L'un des conseillers du Premier ministre kosovar serait impliqué dans ce macabre trafic remontant au conflit entre la Serbie et le Kosovo. D'autres responsables de l'Armée de libération du Kosovo (UCK) sont pointés par le Conseil de l'Europe.
AFP - Des membres de l'Armée de libération du Kosovo (UCK), le mouvement indépendantiste kosovar albanais à la fin des années 90, se sont livrés à un trafic d'organes prélevés sur des prisonniers serbes en 1999 et 2000, affirme le Conseil de l'Europe dans un rapport rendu public mardi à Strasbourg.
Le gouvernement kosovar a aussitôt réfuté ce rapport avec force, le qualifiant de "fabrications" ayant pour "objectif de jeter l'opprobre sur l'UCK et ses dirigeants".
L'actuel Premier ministre kosovar, Hashim Thaçi, arrivé en tête aux élections législatives de dimanche, a été l'un des responsables de l'UCK, lors de la lutte contre les forces du président yougoslave, Slobodan Milosevic.
"De nombreux indices semblent confirmer que (...) des organes auraient été prélevés sur des prisonniers dans une clinique en territoire albanais, près de Fushë-Krujë (20 km au nord de Tirana), pour les transporter ensuite à l’étranger à des fins de transplantation", affirme le Suisse Dick Marty, auteur de ce rapport demandé par l'Assemblée parlementaire du Conseil de l'Europe (APCE).
Selon M. Marty, "cette activité criminelle, qui s’est développée en profitant du chaos régnant dans la région et grâce à l’initiative de certains chefs des milices de l’UCK liés au crime organisé, s’est poursuivie, bien que sous d’autres formes, jusqu’à nos jours".
Dans son rapport de 27 pages, Dick Marty évoque notamment "un centre de réception dernier cri pour le crime organisé du trafic d’organes" près de Fushë-Krujë.
Selon les témoignages recueillis par la mission Marty, les prisonniers étaient tués d'une balle dans la tête avant d'être "opérés pour qu’un ou plusieurs organes leur soient prélevés". Il s'agissait principalement d'un prélèvement posthume des reins qui étaient vendus à des cliniques privées étrangères.
Shaip Muja, chirurgien et trafiquant d'organes présumé
Parmi les membres de ce réseau criminel, le rapport identifie une figure historique de l'UCK, Shaip Muja. Ce chirurgien de formation est actuellement conseiller politique principal auprès du cabinet du Premier ministre du Kosovo, notamment chargé de la Santé.

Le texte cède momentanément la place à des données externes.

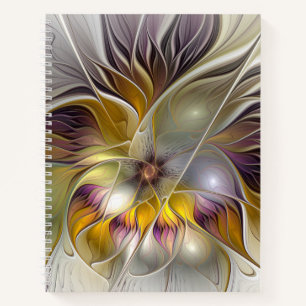 Cuaderno Resumen de fantasía colorida Flor Fractal Moderno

"Nous avons découvert de nombreux indices convergents du rôle capital joué pendant plus de 10 ans par (Shaip) Muja dans des réseaux internationaux (...) comme ceux des trafiquants d'êtres humains, des courtiers d'actes chirurgicaux illicites et d'autres acteurs de la criminalité organisée", affirme M. Marty.
Dans une déclaration, le gouvernement kosovar a estimé que le rapport se fondait sur "des faits sans fondement, inventés avec pour objectif de nuire à l'image du Kosovo".
"Une telle attitude, haineuse et étrange, par des personnes dénuées de crédibilité morale, ne peut être qu'au service de certains milieux qui veulent du mal au Kosovo et à ses citoyens", a ajouté la déclaration.
Le gouvernement kosovar a averti qu'il allait "prendre toutes les mesures possibles et nécessaires pour répondre aux fabrications de (Dick) Marty, y compris sur le plan légal".
Le rapport de M. Marty doit être discuté jeudi en commission du Conseil de l'Europe. S'il est adopté alors, il sera présenté fin janvier devant l'APCE.
Le rapport de M. Marty est visible sur le site internet du Conseil de l'Europe.